|
June 10, 2010
School District unites with law enforcement, community services, and health care authorities on North Shore Anti-Bootlegging Campaign
For the second year in a row, representatives of North Shore law enforcement, health care, community services, and school districts have united in an “anti-bootlegging" campaign stressing the need to reduce the accessibility of alcohol to minors.
At a press conference on Thursday, June 10, 2010, North Vancouver School District Superintendent of Schools John Lewis joined representatives from Vancouver Coastal Health, Lions Gate Hospital, North Vancouver and Bowen Island RCMP, West Vancouver police and the North Shore Action on Prevention Committee in an effort to raise awareness of the risks and consequences of selling or providing alcohol to minors.
 | “We partner with community agencies to educate our students about the risks of drug and alcohol abuse throughout the school year,” says Lewis. “This work begins at the elementary school level with our Safe and Caring Schools program.” Lewis explained that by partnering with the Drug Abuse Resistance Education program, (DARE), intermediate students receive the information they need to make good, healthy decisions.

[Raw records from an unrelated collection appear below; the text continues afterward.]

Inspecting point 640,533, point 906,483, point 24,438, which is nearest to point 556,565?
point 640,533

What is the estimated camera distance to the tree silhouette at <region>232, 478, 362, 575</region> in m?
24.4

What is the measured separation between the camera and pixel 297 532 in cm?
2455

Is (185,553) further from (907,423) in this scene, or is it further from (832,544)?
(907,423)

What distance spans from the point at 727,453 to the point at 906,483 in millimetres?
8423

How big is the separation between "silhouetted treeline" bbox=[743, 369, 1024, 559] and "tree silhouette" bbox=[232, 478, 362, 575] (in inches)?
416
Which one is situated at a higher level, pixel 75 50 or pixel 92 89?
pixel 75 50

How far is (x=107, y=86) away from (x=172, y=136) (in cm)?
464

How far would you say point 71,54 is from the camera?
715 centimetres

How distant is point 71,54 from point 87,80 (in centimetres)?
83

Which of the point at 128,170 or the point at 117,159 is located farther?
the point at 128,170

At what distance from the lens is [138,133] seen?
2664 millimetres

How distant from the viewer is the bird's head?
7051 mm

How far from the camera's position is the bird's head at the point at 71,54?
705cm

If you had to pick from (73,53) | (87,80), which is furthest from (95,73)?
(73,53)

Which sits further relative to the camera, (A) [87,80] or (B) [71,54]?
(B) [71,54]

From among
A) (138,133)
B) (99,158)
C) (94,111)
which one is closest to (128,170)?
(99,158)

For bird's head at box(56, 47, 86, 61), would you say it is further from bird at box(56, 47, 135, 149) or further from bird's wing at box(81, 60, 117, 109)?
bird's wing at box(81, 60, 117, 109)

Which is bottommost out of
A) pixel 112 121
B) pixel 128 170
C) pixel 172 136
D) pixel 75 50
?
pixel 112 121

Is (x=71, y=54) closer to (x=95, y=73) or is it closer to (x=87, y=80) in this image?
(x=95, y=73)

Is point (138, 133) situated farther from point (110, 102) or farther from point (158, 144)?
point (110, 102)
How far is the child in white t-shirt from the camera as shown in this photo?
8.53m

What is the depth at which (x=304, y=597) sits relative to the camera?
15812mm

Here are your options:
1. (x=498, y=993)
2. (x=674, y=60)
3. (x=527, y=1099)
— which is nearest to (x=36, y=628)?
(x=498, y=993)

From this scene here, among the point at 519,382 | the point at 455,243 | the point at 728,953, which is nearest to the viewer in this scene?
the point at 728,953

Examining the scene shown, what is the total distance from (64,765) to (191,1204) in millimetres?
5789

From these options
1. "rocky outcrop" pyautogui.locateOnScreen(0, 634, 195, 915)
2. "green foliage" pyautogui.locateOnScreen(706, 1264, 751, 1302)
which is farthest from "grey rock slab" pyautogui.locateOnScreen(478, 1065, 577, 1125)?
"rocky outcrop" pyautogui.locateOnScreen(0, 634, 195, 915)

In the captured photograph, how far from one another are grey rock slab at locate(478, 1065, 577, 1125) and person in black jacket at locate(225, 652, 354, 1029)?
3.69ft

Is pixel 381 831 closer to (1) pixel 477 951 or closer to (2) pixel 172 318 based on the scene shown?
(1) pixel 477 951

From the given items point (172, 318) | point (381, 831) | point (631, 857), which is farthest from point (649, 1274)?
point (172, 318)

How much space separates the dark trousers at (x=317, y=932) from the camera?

In secondary schools, counselors work with planning classes and Parent Advisory Committees throughout the year to ensure the risks of underage drinking are understood. They promote awareness of appropriate alternatives, including “dry grad” events, and strategies for young people and their parents to help them avoid the risks associated with underage drinking.
“In our society, alcohol is socially-sanctioned,” says Trustee Linda Buchanan, who attended the press conference and serves as Trustee-Liaison to the North Shore Substance Abuse Working Group Committee. “This makes it that much more important to impress upon young people that this is a drug which can negatively impact their thoughts, their moods, and their judgments. Alcohol may give the drinker a sense of immunity or invincibility that is the prelude to a host of risk-taking behaviours. For this reason, adults need to model responsible behaviour by not supplying alcohol to minors and help the youth in their lives understand the risks that come with underage drinking.”
“We need parents, older siblings and friends all to recognize the risks associated with providing alcohol to minors,” says Lewis. “Particularly during grad season, we need adults to recognize that they are not enabling a healthy ritual or right of passage by providing alcohol to teens, they are actually putting them in harm’s way.”